I trust you with every fiber in my soul, but I can't help it sometimes but be jealous when there's another girl around you. Not that I'm jealous as in a 'she-gonna-steal-him' way, but it's more of an insecure way. I see myself nowhere fit or 'good enough' for you because look at you, you deserve so much better than the piece of garbage I am. I know there's someone out there who will be prettier, smarter, funnier, definitely not depressing- and generally much better and will be the one that you deserve.
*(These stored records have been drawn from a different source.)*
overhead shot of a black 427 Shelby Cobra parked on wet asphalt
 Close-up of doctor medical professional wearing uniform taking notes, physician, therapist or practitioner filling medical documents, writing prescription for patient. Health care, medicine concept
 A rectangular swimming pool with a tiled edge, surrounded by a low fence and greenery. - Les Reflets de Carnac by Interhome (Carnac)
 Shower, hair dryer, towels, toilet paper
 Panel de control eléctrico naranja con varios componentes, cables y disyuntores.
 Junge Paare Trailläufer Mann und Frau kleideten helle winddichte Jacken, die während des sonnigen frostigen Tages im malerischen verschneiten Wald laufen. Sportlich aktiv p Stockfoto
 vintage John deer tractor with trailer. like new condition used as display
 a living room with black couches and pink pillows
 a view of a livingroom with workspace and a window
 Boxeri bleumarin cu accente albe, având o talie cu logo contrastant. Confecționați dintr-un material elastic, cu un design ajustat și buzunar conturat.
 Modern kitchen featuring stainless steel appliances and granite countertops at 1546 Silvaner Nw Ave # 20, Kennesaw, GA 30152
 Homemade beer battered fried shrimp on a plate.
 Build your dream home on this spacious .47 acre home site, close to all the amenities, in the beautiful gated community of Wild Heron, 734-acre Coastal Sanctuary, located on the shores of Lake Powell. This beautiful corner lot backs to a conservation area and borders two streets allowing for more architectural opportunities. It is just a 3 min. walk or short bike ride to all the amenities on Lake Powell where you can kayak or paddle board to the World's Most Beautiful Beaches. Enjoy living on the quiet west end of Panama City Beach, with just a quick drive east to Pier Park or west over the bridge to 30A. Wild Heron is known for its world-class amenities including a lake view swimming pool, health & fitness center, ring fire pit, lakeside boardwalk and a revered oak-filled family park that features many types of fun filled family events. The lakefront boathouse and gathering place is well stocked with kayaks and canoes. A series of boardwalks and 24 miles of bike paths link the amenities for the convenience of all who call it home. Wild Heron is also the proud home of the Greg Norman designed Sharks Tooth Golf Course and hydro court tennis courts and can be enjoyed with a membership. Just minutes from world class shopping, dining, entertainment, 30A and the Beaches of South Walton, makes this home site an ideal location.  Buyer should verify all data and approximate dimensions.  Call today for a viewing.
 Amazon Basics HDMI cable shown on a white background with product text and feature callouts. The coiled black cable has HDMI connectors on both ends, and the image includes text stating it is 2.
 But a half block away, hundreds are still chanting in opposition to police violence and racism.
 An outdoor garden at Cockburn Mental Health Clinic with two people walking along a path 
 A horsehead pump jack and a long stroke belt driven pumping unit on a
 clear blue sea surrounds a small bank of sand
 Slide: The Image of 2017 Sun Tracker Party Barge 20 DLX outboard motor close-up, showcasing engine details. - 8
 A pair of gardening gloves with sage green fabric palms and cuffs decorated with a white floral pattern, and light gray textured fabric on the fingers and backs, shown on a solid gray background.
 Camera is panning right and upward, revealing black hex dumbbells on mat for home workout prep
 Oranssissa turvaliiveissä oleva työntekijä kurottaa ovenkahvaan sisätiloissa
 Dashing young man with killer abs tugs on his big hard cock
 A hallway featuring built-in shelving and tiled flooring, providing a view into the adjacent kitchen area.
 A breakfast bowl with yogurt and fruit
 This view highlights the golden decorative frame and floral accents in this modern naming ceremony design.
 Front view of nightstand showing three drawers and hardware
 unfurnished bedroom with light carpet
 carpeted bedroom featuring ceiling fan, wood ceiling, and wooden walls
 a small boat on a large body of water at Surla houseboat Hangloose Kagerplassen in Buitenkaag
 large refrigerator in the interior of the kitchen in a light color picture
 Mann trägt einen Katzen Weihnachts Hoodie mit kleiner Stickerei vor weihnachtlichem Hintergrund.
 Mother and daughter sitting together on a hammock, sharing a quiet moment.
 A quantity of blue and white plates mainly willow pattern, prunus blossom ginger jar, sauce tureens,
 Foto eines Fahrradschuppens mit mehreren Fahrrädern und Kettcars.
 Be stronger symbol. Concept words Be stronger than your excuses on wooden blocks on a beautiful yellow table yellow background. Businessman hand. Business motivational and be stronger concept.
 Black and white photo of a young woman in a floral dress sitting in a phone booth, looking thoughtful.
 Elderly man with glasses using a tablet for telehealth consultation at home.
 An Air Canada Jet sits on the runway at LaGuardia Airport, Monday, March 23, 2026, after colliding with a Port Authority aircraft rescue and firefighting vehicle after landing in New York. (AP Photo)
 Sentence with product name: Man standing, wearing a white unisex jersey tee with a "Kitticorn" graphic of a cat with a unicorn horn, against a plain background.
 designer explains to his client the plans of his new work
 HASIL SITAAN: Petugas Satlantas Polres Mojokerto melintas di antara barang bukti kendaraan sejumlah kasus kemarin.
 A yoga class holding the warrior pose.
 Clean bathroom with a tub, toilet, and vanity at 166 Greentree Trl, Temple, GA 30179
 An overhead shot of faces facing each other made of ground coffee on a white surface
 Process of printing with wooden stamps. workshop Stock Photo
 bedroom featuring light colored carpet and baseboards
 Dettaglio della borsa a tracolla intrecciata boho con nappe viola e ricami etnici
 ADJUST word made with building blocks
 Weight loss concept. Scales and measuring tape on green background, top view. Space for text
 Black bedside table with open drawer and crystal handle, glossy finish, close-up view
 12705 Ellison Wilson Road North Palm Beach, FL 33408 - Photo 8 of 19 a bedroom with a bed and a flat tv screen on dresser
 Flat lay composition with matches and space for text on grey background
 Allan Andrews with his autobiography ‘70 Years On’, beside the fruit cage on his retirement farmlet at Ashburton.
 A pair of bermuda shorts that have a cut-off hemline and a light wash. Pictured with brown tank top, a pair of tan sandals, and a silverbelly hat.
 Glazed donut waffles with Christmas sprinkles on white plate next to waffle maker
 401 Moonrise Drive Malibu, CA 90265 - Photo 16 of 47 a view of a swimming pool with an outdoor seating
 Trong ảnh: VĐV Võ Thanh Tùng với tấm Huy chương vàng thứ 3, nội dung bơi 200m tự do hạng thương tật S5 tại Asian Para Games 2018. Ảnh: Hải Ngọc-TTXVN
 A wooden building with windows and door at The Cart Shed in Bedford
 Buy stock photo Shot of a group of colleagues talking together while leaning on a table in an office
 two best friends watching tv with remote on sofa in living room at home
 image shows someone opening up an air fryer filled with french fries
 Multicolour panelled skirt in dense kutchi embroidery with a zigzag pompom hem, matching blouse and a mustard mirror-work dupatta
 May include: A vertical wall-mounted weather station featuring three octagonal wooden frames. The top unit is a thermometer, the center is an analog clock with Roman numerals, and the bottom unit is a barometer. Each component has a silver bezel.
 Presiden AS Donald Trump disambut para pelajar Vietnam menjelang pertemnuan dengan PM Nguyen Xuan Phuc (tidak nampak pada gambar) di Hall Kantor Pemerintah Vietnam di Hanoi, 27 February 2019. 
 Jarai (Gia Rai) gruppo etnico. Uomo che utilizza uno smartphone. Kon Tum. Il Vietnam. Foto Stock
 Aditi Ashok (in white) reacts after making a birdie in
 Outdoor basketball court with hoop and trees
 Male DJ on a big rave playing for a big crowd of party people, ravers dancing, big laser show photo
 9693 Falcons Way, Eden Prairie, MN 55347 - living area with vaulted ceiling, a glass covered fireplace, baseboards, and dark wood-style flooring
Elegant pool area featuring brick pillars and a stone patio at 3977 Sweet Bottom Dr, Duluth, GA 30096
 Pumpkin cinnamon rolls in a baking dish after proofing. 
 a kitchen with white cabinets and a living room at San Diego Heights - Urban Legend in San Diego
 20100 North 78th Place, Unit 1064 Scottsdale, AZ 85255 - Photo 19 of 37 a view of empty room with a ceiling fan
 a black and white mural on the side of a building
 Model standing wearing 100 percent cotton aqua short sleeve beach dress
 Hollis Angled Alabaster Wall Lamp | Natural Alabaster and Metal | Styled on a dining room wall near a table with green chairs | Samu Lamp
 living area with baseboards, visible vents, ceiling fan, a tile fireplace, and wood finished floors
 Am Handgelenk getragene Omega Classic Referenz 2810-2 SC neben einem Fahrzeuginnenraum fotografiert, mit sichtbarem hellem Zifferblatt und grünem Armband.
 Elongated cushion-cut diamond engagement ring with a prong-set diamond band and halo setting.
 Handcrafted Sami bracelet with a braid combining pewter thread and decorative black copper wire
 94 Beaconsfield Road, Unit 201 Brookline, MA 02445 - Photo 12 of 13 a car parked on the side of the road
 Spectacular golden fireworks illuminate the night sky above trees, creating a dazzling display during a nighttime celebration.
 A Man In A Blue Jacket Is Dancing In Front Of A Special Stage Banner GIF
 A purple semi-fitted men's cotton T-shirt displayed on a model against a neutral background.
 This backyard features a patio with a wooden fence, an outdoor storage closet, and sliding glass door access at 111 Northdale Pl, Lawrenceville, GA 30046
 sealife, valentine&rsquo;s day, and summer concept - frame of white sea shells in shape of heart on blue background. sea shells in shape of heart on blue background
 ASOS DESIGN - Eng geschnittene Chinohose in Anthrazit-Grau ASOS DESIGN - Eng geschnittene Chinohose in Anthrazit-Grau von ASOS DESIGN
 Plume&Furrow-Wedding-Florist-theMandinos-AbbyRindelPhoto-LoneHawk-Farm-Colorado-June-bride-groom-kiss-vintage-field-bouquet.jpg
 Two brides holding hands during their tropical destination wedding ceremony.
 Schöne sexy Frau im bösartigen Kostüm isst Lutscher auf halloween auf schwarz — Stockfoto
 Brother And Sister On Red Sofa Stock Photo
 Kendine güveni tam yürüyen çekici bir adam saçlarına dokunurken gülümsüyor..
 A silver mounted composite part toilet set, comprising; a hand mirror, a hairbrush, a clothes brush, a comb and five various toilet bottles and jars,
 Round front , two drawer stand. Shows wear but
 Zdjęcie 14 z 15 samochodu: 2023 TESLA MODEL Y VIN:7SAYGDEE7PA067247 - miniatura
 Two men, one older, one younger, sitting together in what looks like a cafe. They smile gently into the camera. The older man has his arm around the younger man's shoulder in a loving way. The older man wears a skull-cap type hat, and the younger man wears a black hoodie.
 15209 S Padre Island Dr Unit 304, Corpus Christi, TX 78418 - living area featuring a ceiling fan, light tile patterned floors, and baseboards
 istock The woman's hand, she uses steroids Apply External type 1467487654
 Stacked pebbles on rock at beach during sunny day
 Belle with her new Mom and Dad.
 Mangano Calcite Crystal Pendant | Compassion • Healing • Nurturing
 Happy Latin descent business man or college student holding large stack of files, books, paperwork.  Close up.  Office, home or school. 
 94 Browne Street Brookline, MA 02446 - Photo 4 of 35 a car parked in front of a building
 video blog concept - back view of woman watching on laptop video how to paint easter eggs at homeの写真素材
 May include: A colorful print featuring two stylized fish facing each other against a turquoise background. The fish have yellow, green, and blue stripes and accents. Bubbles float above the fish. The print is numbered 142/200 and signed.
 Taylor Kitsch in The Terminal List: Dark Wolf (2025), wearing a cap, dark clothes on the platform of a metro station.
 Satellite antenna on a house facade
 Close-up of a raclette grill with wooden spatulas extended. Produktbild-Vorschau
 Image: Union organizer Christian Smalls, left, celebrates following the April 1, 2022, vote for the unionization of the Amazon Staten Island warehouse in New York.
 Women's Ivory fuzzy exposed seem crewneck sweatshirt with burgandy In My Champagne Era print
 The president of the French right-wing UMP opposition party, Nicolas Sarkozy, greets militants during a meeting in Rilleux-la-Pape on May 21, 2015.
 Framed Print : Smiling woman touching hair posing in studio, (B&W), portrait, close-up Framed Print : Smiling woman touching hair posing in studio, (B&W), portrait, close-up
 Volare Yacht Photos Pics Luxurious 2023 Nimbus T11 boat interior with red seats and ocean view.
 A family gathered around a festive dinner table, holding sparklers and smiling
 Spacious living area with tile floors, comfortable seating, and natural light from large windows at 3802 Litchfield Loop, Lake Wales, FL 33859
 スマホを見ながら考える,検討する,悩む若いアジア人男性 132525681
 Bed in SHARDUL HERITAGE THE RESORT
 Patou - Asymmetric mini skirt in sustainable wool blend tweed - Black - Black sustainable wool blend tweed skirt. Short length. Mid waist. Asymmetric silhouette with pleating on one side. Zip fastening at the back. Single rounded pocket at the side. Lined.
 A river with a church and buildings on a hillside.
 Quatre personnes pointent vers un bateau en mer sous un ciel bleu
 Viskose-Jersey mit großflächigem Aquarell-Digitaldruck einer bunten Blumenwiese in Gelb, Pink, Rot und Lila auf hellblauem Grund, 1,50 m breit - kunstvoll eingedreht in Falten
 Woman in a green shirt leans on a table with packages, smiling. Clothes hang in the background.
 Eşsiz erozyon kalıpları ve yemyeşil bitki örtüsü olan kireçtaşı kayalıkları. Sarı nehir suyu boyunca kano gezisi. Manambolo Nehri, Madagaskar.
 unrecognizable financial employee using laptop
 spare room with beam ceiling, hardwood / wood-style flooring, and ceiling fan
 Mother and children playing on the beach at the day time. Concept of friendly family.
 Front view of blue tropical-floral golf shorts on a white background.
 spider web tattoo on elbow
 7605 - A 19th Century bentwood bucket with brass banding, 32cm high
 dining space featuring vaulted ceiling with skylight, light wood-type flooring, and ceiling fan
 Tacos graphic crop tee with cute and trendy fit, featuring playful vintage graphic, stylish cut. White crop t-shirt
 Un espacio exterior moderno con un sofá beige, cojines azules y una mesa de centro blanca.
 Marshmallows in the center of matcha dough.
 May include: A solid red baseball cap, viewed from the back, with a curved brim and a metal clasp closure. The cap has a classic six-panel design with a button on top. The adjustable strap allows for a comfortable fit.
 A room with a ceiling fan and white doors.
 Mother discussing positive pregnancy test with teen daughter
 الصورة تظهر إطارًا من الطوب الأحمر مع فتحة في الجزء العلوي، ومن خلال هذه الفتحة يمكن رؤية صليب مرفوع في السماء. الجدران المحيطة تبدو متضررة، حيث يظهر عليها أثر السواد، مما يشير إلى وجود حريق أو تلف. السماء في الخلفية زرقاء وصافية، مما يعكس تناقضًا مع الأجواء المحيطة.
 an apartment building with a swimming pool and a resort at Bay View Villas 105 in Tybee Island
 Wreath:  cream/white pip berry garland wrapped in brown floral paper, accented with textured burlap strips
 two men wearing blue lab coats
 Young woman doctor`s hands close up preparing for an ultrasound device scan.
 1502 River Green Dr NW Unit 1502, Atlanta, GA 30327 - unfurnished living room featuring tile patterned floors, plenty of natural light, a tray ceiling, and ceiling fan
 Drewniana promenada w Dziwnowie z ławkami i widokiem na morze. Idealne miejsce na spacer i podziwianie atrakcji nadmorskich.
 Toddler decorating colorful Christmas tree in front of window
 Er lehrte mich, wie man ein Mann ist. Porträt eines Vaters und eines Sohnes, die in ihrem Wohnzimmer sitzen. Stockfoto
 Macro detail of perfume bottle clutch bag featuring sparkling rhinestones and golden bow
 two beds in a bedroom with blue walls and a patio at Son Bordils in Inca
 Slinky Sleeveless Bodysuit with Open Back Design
A queen for you, a king himself. And I know saying this will only get me back to that one line you've said so many times, "You're more than enough for me." But I don't think so, I think I can be better, but I've tried, and nothing has worked out the right way whenever I did. I know that someday you might leave, and it'll be for the better for you, of course, but I can't help but want to be attached to you- enjoying your presence for just a little bit longer because I'm too selfish to let you go so soon. You're everything I've ever wanted in 'the one' and it pains so much to know that I'm not meeting the standards.

I don't know how else to put it in words- the feelings I feel, the things I think and it's just the way YOU make me feel every time your eyes meet mine or your smile reaches my heart. Your words are soothing in a comforting way, and I don't think I can't forget them- not now, not ever. You're my sunlight to my darkness, the glow to my moon, the fragrance to my flowers and the blood to my heart. I've never felt like this to anyone and what you make me feel is something I'll never be able to forget in a lifetime.

I love you so much, to the moon and back, it's indescribable because words haven't been invented yet to prove that statics. So, all I ask of you, is just stay a little longer. Let this heart of mine feel what it's like to be loved before it turns back to what it was before. I'm grateful to have you as mine and me, yours. I love you, remember that. Thank you for staying and not leaving, it proves that you found something in me worth staying for and for that, I am grateful as I'll ever be.